Automatic identity recognition from text outputs

Automatic identity recognition from text outputs

Johnny, Winnie, Manny, and Cathy use their one-dimensional keyboard (as described in the handout) to type the Biola vision statement and because of typos in the process we have a collection of 8 text files A, B, C, D, E, F, G and H. Each of the eight documents was typed by one of Johnny, Winnie, Manny, and Cathy. Your task is to determine for each document d who is the most likely person who has generated the document d when trying to type the Biola vision statement. The following is the overview of a well-founded approach to accomplish the task.

1. The big picture: For each document d in {A, B, C, D, E, F, G, H}, we should for each person p in {Johnny, Winnie, Manny, and Cathy}determine the probability Pr(d |p) that document d is the resulting text when person p try to type the Biola vision statement. We can then compare these probabilities and the most likely person is simply the person p with the highest probability Pr(d |p) for document d.

2. How to determine the person p with the highest probability Pr(d |p) for a given document d:

a) Let d₁, d₂, ... d_nbe the words in document d corresponding to the n intended words w₁, w₂, ... w_nin the Biola vision statement and let Pr(d_i |w_i, p) be the probability that person p will produce the i th word d_i in document d when he or she tries to type the i th word w_i in the Biola vision statement. The probability Pr(d |p) that document d is the resulting text when person p try to type the Biola vision statement is simply the product of all the Pr(d_i |w_i, p)’s. In other words, we have Pr(d |p) = Pr(d₁ |w₁, p) *Pr(d₂ |w₂, p)* … *Pr(d_n |w_n, p).

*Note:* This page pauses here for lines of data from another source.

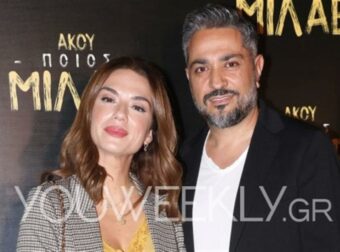 Με καστόρινες μπότες και σακάκι στο πλευρό του Σουλτάτου – Η εμφάνιση της Λασκαράκη στην πρεμιέρα που ήταν ο Τσιμιτσέλης μαζί με τη Γερονικολού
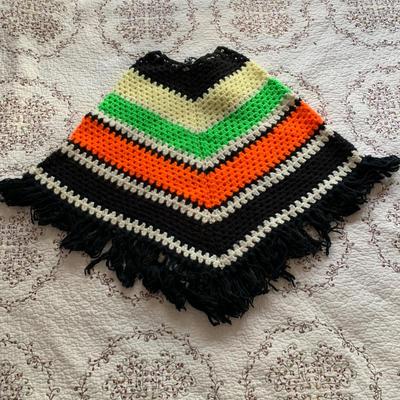 LOT 25 B: Handmade Knit / Crochet Collection: Berets, Shawls, Ponchos, Scarf, Mittens, & Purse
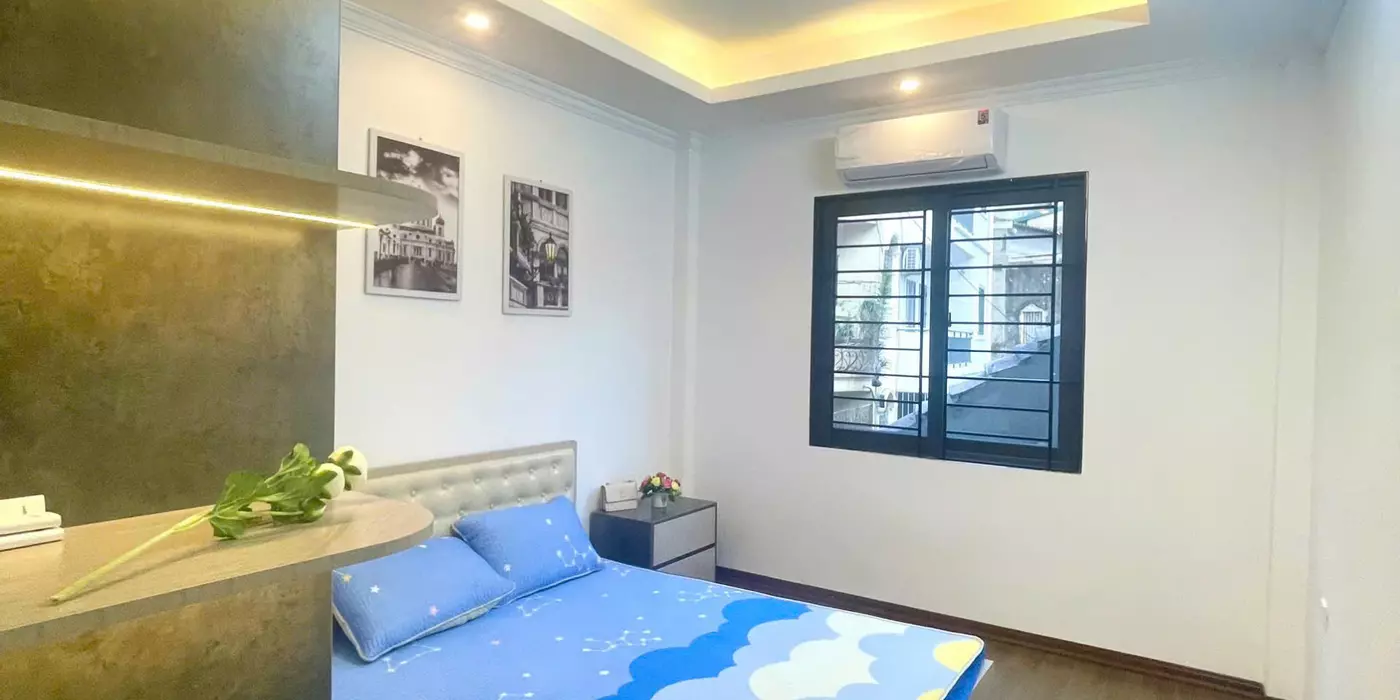 Bán nhà Phố Hào Nam_5 tầng dân xây_ Mặt trước thoáng sáng_30mx5T_ Giá: 7.1 tỷ.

b) You should write your code to (i) open the files corresponding to document d and the Biola vision statement and (ii) read in the observed strings d₁, d₂, ... d_nfrom document d one at a time and the actual words w₁, w₂, ... w_none at a time from the Biola vision statement. For each pair of observed string d_i and actual word w_i, you can then calculate Pr(d_i |w_i, p) and log Pr(d_i |w_i, p). (See the descriptions in c below.).

c) We know that Pr(d |p) = Pr(d₁ |w₁, p) *Pr(d₂ |w₂, p)* … *Pr(d_n |w_n, p). However, multiplying all the tiny probabilities Pr(d_i |w_i, p)’s together to get Pr(d |p) may end in too small a number losing precision because of the limited precision supported by the CPU. Instead, we can add up (log Pr(d_i |w_i, p))’s together to get log Pr(d |p). This works because for any two positive numbers x and y we have log (xy) = log x + log y. Therefore, we have log Pr(d |p) = log Pr(d₁ |w₁, p) + log Pr(d₂ |w₂, p)+… + log Pr(d_n |w_n, p).

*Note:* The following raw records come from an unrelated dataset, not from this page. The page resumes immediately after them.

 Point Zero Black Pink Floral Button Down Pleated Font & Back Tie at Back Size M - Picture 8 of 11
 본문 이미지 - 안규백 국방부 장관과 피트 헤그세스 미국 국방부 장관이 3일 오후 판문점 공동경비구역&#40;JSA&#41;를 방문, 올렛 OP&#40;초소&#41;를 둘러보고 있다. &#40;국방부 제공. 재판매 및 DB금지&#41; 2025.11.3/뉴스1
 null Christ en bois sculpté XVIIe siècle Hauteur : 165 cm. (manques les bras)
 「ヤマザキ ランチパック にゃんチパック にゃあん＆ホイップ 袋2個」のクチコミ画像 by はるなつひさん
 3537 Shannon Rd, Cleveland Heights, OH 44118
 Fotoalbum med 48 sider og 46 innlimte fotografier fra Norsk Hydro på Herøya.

d) Note that for any two probabilities (two positive numbers) x and y we have x > y if and only if log x > log y. Therefore, equivalently we can calculate and compare log( Pr(d |p) )’s instead of comparing Pr(d |p) to find the most likely author p of document d by simply selecting the person that ends in the maximal log( Pr(d |p) ) value. This allows us to better retain the numerical precision throughout the computation.

3. Reflection: What is the basis of the approach in (2) above? Could you justify it in terms of Bayes Theorem and what is the assumption behind this approach?